In the summer of 1811, Captain Evans was posted to Upper Canada as brigade-major to Major-General Isaac Brock. On the outbreak of war with the United States in June, he was primarily responsible for preparing the expedition which compelled the surrender of General William Hull’s army at Detroit on 16 August. His brilliant handling of reinforcements at Queenston on 13 October, following the death of Brock, proved a vital contribution to victory.
He was honoured with a Lieutenant-Colonel’s brevet retroactive to 13 October 1812. He commanded five companies of his regiment in the operation against the American base at Sackets Harbor, suffering three wounds.
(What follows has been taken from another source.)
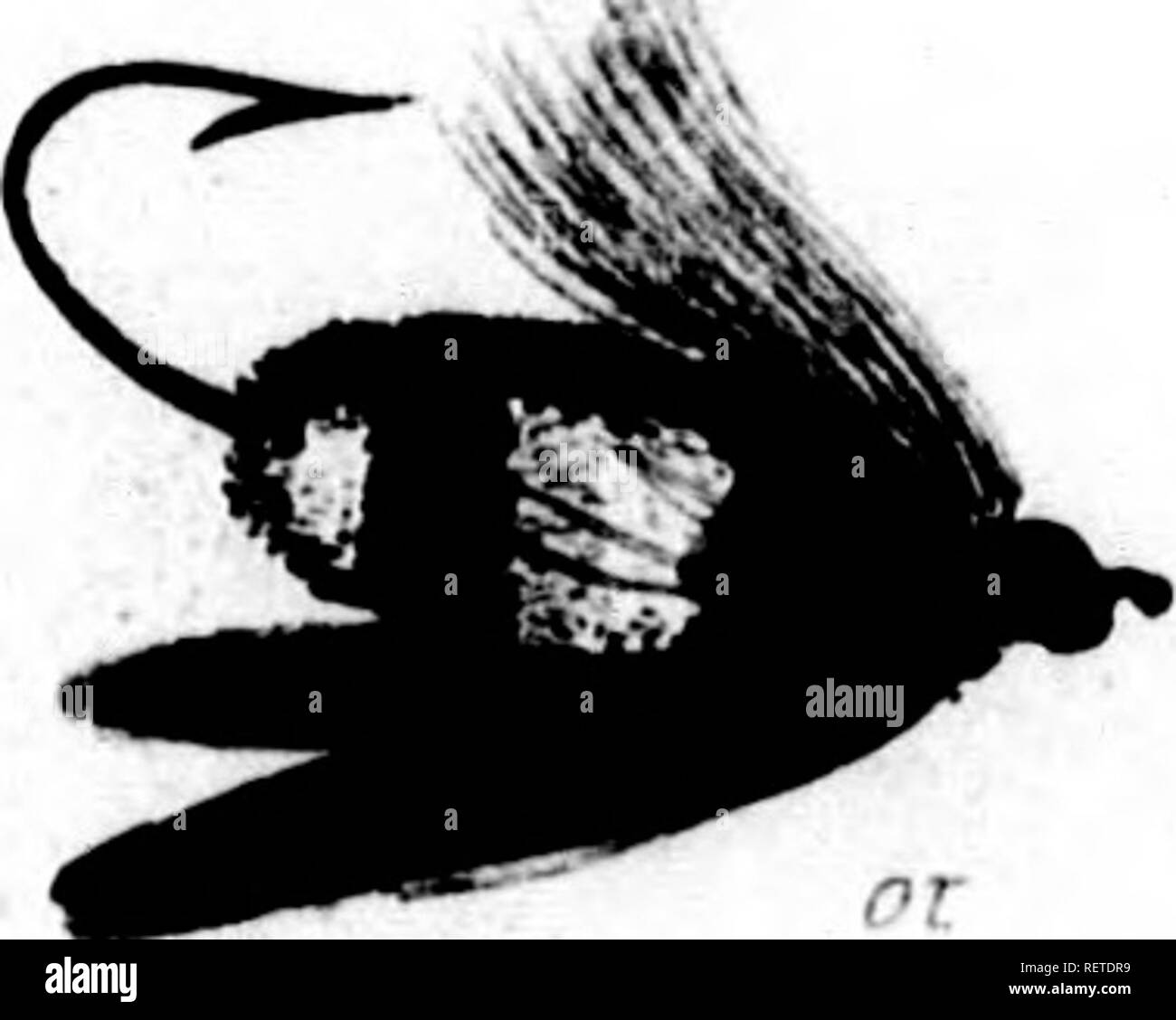 . Frank Förster Fisch und Fischerei der Vereinigten Staaten und des Britischen Provinzen Nordamerika [microform] dargestellt aus der Natur durch den Autor. Angeln; Fischen; Pêche sportive; Poissons. . Bitte beachten Sie, dass diese Bilder sind von der gescannten Seite Bilder, die digital für die Lesbarkeit verbessert haben mögen - Färbung und Aussehen dieser Abbildungen können nicht perfekt dem Original ähneln. extrahiert. Herbert, Henry William, 1807-1858. New York: Stringer & Amp; Townsend Stockfoto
He had important roles in the expulsion of the Americans from Forty Mile Creek on the Niagara peninsula in June and in the remaining actions of the campaign of 1813.
In the winter of 1813–14, Evans commanded six service companies of the 2nd battalion of the 8th, as well as 230 seamen posted to the fleet at Kingston, on a forced snowshoe march through the wilderness from New Brunswick to Quebec. In March, he proceeded to Upper Canada and the command of the 8th’s 1st battalion, winning commendation for effective leadership at the battle of Chippawa on 5 July, and at Lundy’s Lane on the 25. He was wounded for the fourth time in the assault on Fort Erie on 15 August, but continued on active service until the end of the war, by which time he had won ten honourable mentions in dispatches and general orders.
Evans commanded the 2nd battalion of the 8th in Montreal in February 1815 and returned to the United Kingdom with the battalion in August. He returned to Canada in 1816, joined the 70th in Kingston in July where he served the next 11 years, frequently as its commanding officer.